The ratio cannot be mistaken for absorption, another derived variable used in the industry from occupied apartment units (apartment existing units multiplied by occupancy). Absorption is change in occupied units from the current to previous period. Because the occupied units uses existing units on its calculation, it is heavily influenced by new supply. Unlike Jobs-to-Permit Ratio or Demand-Supply Ratio the calculated absorption number is completely different indicator and absorption is hard to explain to layman.
Summary Explanation of the Chart
· Area 1. Immediately after the Great Recession, apartment new supply remained well below the historical average but labor market started to recover with job gain averaging over 2.1 million jobs per year. The ratio was well above the LTA during 2011 through 2013. Pent up demand fueled by job growth increased apartment market fundamentals.
· Area 2. After 2013, jobs increased but magnitude of increase in multifamily permits was higher, decelerating the ratio. Though job gain was slower than in prior recoveries, there was a consistent job production keeping the multifamily fundamentals above average during those years.

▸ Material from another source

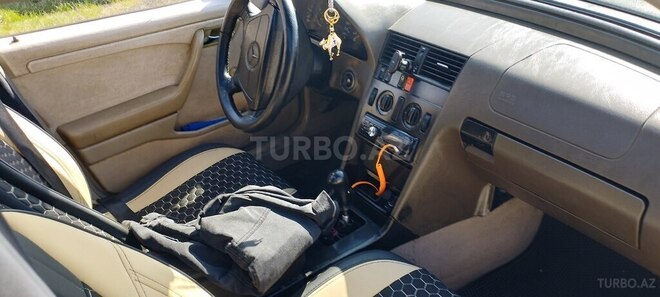 Mercedes C 180 1995, 322,312 km - 1.8 l - Quba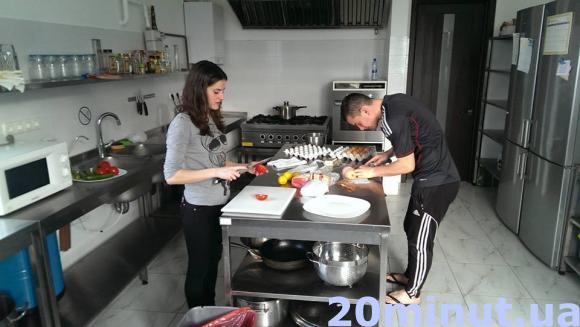 Дітей-сиріт вчать витрачати гроші та готувати їсти, фото №1 на сайті 20minut.ua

· Area 3. The ratio hovered slightly below 5 during 2019, as job gain started to simmer down while new supply kept increasing. With historic low unemployment rate, the labor market remained tight though nominal job gain decreased compared to previous years in 2019, keeping the apartment market healthy.
· Outlook: Expect deep drop in the ratio in 2020, which translates to drop in apartment market fundamentals.
Ø Since the pandemic, there has been spurt of some good news surrounding the apartment market industry but investors should keep the focus on the core driver of apartment market, which is job growth (Watch out for salience bias). We will post our new forecast after the 2Q20 job growth actual data become available.
Ø For those using data subscriptions from varied sources, if there is no transparency on the data collection and analytics, they are selling you “snake oil”. And if they do let you get to the nitty-gritty of their data and methods, look for gibberish equations and explanations. If you will catch it, you will get a good laugh!!